Pictures with short captions:
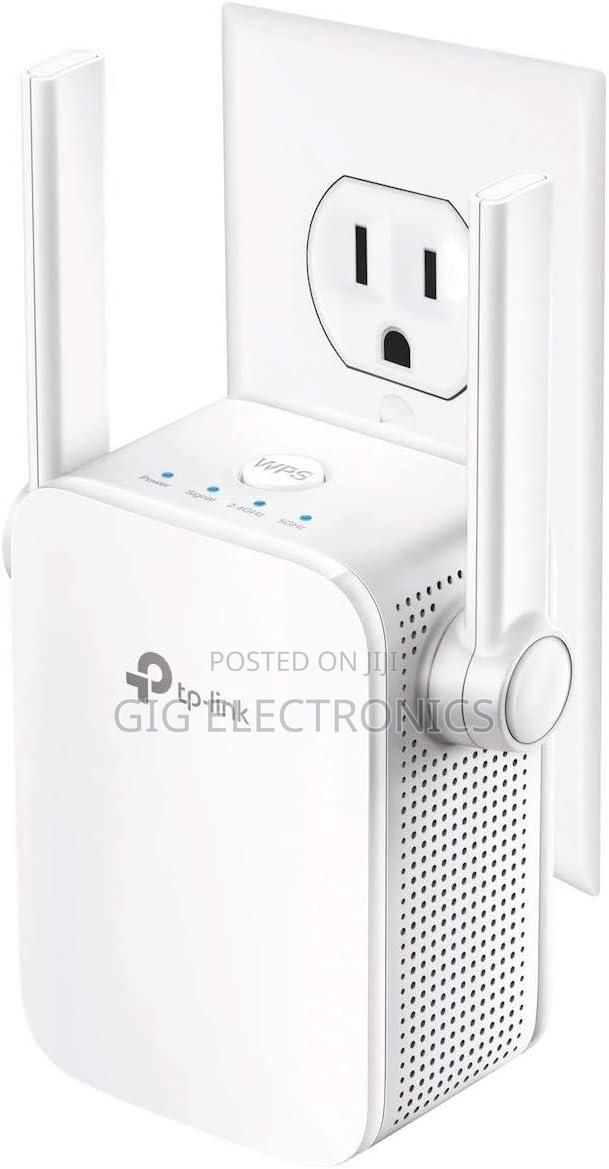Tp-Link RE305 Dual-Band AC1200 Wi-Fi Range Extender · Photo 2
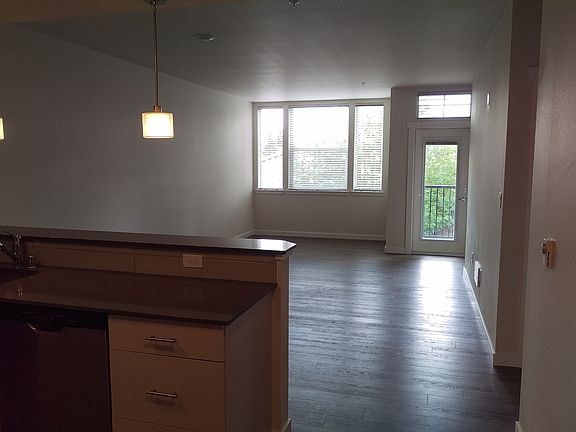 4th image of 16590 NE 83rd St Unit 103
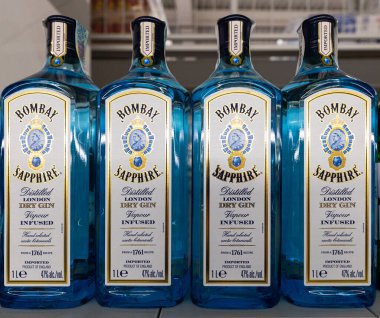 Lviv, Ukrayna - 26 Ağustos 2024: Bombay Sapphire Damıtılmış Londra Kuru İçecek Vapur Şişeleri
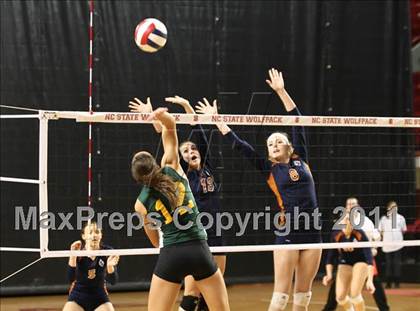 Thumbnail 3 in Northeastern vs Starmount (NCHSAA 2A Final) photogallery.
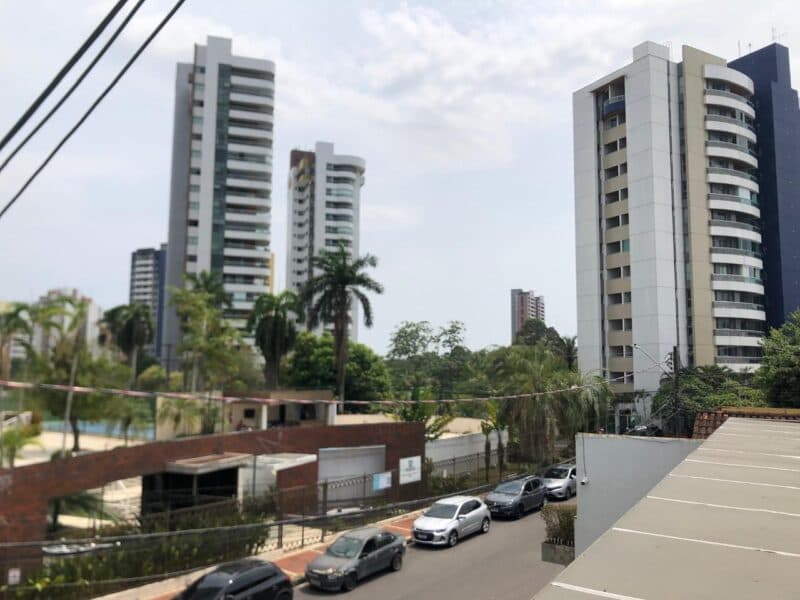 Chuva ajuda a melhorar qualidade do ar nesta sexta em Manaus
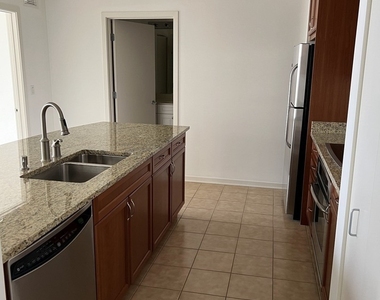 807 Davis Street - Photo Thumbnail 2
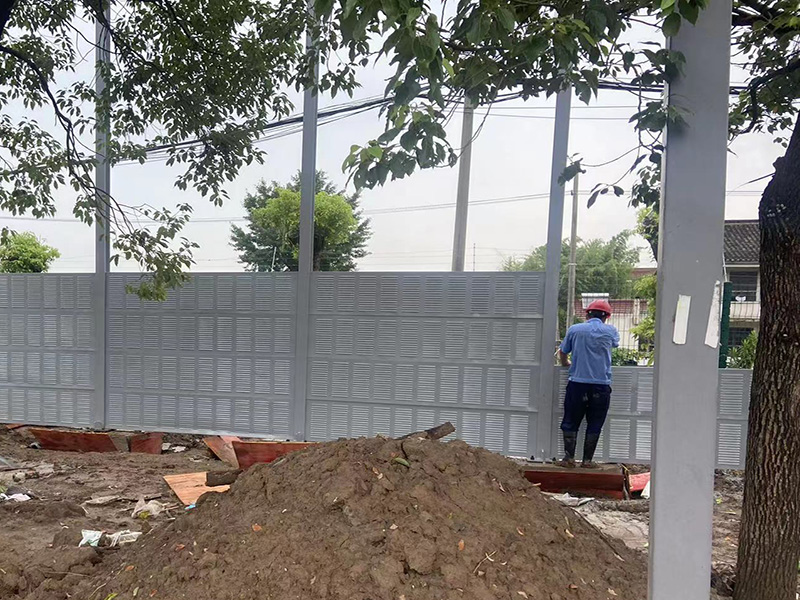 京東物流7米高聲屏障案例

Work task: Could you print all of the entries above exactly as written, minus the pictures?

Answer section:
Tp-Link RE305 Dual-Band AC1200 Wi-Fi Range Extender · Photo 2
 4th image of 16590 NE 83rd St Unit 103
 Lviv, Ukrayna - 26 Ağustos 2024: Bombay Sapphire Damıtılmış Londra Kuru İçecek Vapur Şişeleri
 Thumbnail 3 in Northeastern vs Starmount (NCHSAA 2A Final) photogallery.
 Chuva ajuda a melhorar qualidade do ar nesta sexta em Manaus
 807 Davis Street - Photo Thumbnail 2
 京東物流7米高聲屏障案例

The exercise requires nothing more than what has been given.